Students will be able to...

  • closely read a complex text.

  • identify evidence that supports a given claim.

  • Use specific academic language to explain why/ how the identified evidence supports the given claim.

Suggested Duration

45 minutes (adjust according to your students' needs)

Next Generation ELA Standards

  • R1 Cite strong and thorough textual evidence to support analysis of what the text says explicitly/ implicitly and make logical inferences; develop questions for deeper understanding and for further exploration.

  • RH9: Compare and contrast treatments of the same topic in several primary and secondary sources.

  • W1c: Use precise language and content-specific vocabulary to express the appropriate complexity of the topic.

NYS Computer Science & Digital Fluency Standards

  • 9-12.IC.1 Evaluate the impact of computing technologies on equity, access, and influence in a global society.

  • 9-12.IC.3 Debate issues of ethics related to real world computing technologies.

  • 9-12.IC.5 Describe ways that complex computer systems can be designed for inclusivity and to mitigate unintended consequences.

  • 9-12.DL.1: Type proficiently on a keyboard.

  • 9-12.DL.2: Communicate and work collaboratively with others using digital tools to support individual learning and contribute to the learning of others.


  • opponent (noun): a person who is against something and tries to change or stop it

  • proponent (noun): a person who supports an idea or a course of action

  • oversight: the state of being in charge of someone or something

  • rectify (verb): to fix something that is wrong

  • balancing act (noun): a process in which someone tries to please two or more people or groups who want different things

  • middle ground (noun): a set of opinions, decisions, etc. that two or more groups who oppose each other can agree on; a position that is not extreme


Present students with a claim, evidence that supports that claim, and reasoning/ analysis that explains how the claim and evidence are connected.
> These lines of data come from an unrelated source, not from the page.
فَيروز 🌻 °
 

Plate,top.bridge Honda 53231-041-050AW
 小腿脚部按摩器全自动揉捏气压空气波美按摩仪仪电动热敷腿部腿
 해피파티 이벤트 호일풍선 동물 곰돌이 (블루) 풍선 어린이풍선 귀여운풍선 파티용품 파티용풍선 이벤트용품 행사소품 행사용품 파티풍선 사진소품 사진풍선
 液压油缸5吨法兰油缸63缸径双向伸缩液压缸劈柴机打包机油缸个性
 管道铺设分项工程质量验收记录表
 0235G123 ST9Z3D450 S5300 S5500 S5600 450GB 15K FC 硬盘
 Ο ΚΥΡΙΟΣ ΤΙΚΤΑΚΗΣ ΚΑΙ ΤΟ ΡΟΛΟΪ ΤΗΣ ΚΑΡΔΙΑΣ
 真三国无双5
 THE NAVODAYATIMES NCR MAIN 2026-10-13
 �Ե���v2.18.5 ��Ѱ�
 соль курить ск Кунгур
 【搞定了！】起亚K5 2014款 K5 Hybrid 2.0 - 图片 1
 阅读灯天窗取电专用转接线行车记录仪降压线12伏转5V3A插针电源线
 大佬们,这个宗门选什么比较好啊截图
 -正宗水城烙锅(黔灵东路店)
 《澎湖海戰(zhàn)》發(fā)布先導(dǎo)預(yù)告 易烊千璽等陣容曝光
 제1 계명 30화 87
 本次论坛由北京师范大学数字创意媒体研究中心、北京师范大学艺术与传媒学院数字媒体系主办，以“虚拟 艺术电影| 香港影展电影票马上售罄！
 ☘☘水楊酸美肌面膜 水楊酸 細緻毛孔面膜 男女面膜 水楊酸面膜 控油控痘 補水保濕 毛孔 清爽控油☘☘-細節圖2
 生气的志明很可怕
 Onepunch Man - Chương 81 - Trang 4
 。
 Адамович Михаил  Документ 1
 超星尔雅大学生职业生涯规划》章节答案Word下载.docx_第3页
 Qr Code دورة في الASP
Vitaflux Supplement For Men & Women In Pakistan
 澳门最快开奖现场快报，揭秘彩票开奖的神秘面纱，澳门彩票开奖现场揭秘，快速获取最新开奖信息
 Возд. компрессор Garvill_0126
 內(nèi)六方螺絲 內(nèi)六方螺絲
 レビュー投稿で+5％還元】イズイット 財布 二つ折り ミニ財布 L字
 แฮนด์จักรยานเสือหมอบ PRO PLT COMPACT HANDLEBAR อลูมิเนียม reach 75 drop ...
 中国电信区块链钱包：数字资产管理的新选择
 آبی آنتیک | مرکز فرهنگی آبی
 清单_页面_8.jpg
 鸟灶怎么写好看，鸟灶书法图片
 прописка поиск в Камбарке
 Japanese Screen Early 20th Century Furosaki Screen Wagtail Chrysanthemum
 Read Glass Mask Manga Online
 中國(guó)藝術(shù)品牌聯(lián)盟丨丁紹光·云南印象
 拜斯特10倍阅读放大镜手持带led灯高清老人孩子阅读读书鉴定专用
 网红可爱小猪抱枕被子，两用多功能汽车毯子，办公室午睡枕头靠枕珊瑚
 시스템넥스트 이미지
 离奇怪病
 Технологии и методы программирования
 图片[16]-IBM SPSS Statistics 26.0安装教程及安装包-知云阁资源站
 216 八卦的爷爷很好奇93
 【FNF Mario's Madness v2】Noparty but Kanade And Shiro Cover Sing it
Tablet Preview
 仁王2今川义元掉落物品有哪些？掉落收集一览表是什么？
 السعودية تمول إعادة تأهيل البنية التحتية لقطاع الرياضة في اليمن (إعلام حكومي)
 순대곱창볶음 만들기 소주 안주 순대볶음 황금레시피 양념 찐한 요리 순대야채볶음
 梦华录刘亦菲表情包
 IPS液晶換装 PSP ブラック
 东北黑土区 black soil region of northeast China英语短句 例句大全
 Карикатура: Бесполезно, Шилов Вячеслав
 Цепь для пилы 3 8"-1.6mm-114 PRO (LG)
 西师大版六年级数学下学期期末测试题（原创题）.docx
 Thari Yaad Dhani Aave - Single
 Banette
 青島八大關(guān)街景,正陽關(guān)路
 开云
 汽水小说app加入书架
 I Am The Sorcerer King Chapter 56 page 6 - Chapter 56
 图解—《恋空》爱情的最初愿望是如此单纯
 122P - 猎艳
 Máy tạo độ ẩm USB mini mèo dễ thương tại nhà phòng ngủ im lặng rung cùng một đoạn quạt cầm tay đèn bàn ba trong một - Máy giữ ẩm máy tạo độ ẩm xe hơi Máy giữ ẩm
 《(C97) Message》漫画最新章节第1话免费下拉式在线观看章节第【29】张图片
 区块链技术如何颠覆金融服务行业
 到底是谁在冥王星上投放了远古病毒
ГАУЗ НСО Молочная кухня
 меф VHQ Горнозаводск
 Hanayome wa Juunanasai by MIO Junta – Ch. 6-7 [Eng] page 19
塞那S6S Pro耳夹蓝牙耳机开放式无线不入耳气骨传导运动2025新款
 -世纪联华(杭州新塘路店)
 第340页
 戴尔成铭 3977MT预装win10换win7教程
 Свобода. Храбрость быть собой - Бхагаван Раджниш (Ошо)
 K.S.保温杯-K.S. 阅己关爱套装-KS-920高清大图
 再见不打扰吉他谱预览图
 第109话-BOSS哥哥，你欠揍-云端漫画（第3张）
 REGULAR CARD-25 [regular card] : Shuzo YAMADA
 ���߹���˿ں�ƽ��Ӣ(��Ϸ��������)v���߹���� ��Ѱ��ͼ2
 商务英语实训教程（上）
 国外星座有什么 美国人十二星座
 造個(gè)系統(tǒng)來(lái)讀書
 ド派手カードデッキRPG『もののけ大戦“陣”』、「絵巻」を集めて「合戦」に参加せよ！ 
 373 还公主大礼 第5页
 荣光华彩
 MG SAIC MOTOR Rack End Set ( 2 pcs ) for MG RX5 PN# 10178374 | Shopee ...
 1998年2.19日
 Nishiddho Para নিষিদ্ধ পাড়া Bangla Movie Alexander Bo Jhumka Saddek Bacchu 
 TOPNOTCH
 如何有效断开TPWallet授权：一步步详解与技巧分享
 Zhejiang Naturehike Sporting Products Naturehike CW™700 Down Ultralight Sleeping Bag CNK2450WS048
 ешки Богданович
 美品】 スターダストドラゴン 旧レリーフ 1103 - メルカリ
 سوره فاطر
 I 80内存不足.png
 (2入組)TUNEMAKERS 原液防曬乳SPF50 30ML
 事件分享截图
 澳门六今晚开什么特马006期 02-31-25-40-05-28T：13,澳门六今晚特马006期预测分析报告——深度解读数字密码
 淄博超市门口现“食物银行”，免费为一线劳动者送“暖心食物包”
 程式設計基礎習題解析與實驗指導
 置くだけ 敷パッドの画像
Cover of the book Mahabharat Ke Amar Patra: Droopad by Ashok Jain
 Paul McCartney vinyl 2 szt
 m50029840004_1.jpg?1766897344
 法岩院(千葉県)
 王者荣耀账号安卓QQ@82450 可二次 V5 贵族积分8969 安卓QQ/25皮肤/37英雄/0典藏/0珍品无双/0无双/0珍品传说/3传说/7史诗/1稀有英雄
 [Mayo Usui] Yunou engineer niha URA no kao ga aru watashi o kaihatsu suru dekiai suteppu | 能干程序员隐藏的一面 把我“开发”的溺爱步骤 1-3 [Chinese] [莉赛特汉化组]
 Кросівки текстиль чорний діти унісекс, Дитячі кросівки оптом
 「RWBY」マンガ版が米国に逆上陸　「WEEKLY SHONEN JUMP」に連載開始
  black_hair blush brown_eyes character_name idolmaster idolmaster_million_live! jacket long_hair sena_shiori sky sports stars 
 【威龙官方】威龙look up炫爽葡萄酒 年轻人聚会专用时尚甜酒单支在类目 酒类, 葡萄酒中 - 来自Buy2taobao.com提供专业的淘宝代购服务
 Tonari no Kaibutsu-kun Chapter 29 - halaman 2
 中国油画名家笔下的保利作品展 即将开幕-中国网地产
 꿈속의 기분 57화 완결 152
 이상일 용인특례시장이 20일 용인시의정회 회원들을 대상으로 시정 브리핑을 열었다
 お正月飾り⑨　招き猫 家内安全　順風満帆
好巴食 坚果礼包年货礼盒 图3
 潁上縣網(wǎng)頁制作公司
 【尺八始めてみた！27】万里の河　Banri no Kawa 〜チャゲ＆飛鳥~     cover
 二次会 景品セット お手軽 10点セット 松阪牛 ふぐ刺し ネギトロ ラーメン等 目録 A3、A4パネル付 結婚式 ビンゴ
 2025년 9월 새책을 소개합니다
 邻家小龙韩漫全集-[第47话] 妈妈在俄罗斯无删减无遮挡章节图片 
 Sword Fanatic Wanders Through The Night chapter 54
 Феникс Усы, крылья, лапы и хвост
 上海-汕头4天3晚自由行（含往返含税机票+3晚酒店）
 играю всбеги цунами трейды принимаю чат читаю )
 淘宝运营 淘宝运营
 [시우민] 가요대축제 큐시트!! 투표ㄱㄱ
Do not present the above in that order--scramble it on the slide. Ask students to determine which is the claim, which is the evidence and which is the analysis/ reasoning. Students should be prepared to explain their choices. [See slide for sample claim, evidence and analysis.]


Present definitions for claim, evidence, and reasoning [included in slide deck]. Present students with the claim "FRT can be abused by people in positions of power" and break down what makes this a claim rather than evidence or reasoning. Present evidence from the article students will read in this lesson [see slide deck] and break down or elicit from students why this is evidence. Finally, elicit from students how they can explain the connection between the evidence and the claim. [Sample reasoning/ analysis is included in slide deck.] Model this on the Evidence Tracker graphic organizer.

Present the purpose for reading the article/ excerpts (assign different versions of the text according to students' specific needs) to students. Purpose for reading: Identify evidence that supports the claim: "FRT can be abused by people in positions of power." For on grade-level and advanced readers, see Nota Bene.


Students closely read article in search of evidence that supports the given claim (differentiate text selection and purposes for reading according to your students needs). Students reason, in their own words, why/ how a particular piece of identified evidence supports the given claim.

Circulate and make observations as students work (or make observations in the small group you are facilitating) to identify one or two examples for the wrap up.

Wrap Up

Highlight the work of one or two students to reinforce the distinction between claim, evidence and reasoning. If you are not able to find a good example, use the example in the slide deck and prepare to reteach this concept tomorrow. Some students will need a lot of practice with this and that is OKAY.